◆ Assignment:
Copy out exactly, and only, the lines from the one containing "Arizona Cardinals Football" through the end of the entries. No pictures.

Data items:
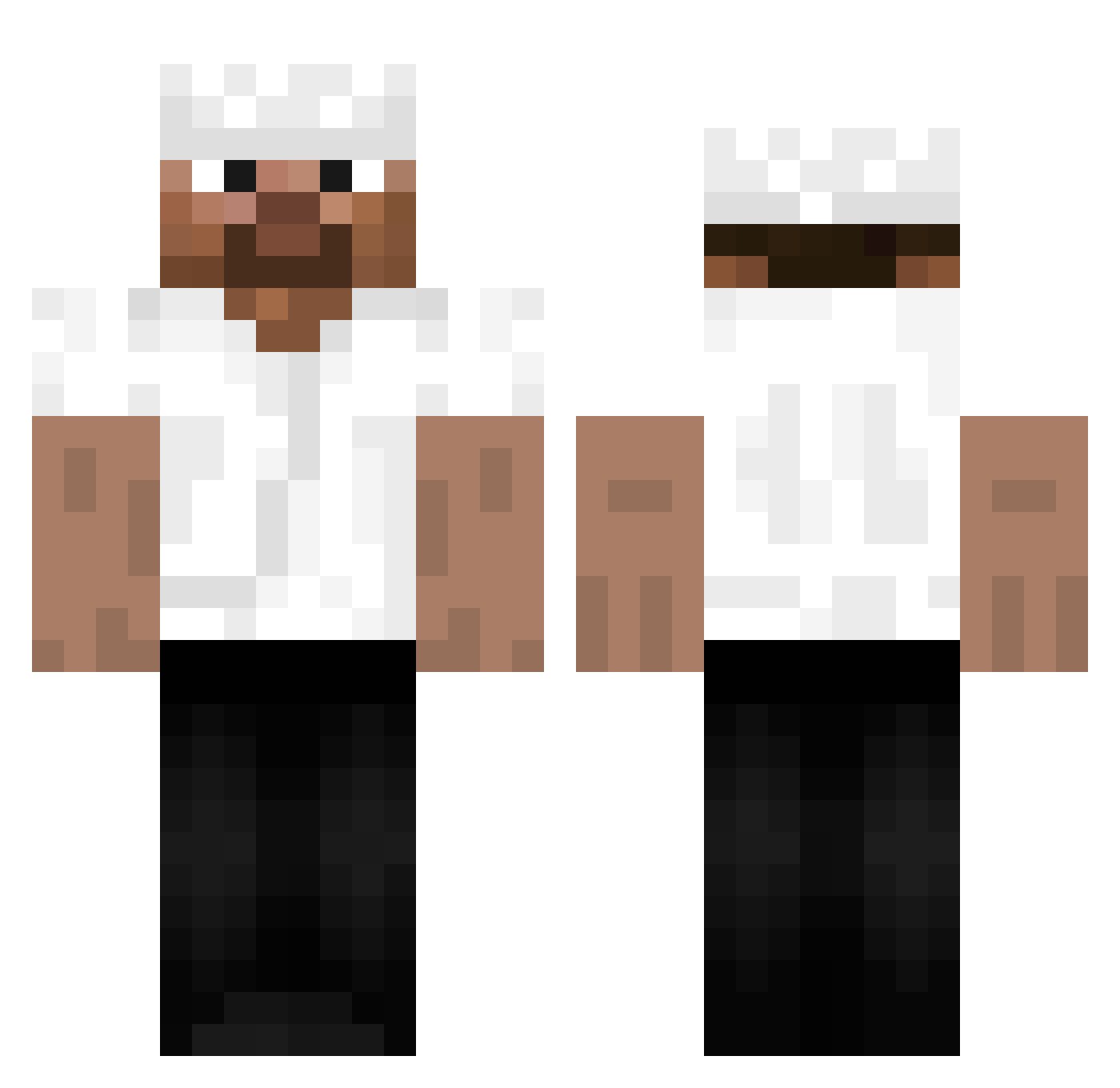 milyyyyyyy Minecraft skin, front and back view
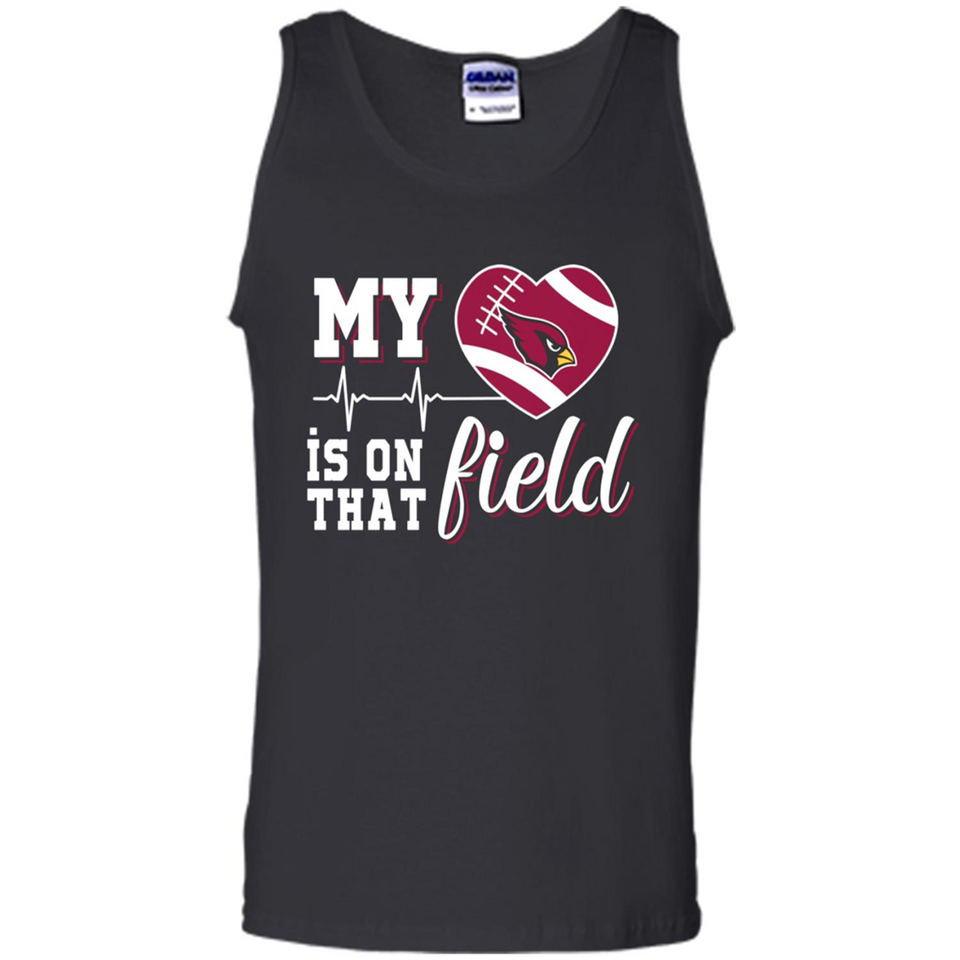 Arizona Cardinals Football My Heart is on that Field - Tank Top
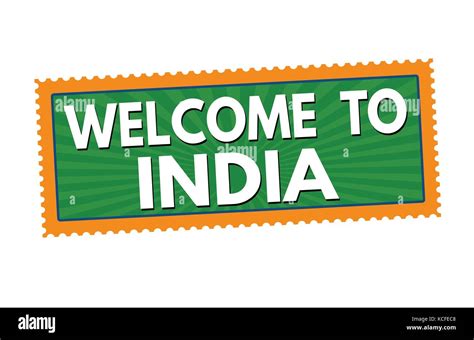 Welcome To India High Resolution Stock Photography and Images - Alamy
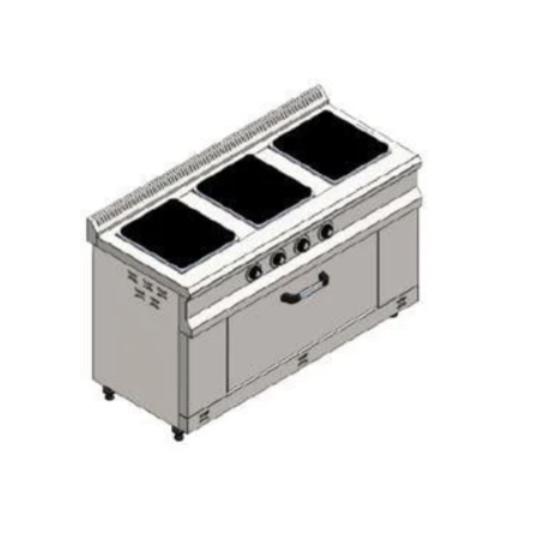 CSA Elektrikli 3 lü Kuzine 140x60x85 cm KRCS.KZE.1460.CE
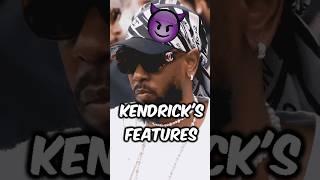 Kendrick’s Iconic Features #kendricklamar #rap #music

◆ Your solution:
 Arizona Cardinals Football My Heart is on that Field - Tank Top
 Welcome To India High Resolution Stock Photography and Images - Alamy
 CSA Elektrikli 3 lü Kuzine 140x60x85 cm KRCS.KZE.1460.CE
 Kendrick’s Iconic Features #kendricklamar #rap #music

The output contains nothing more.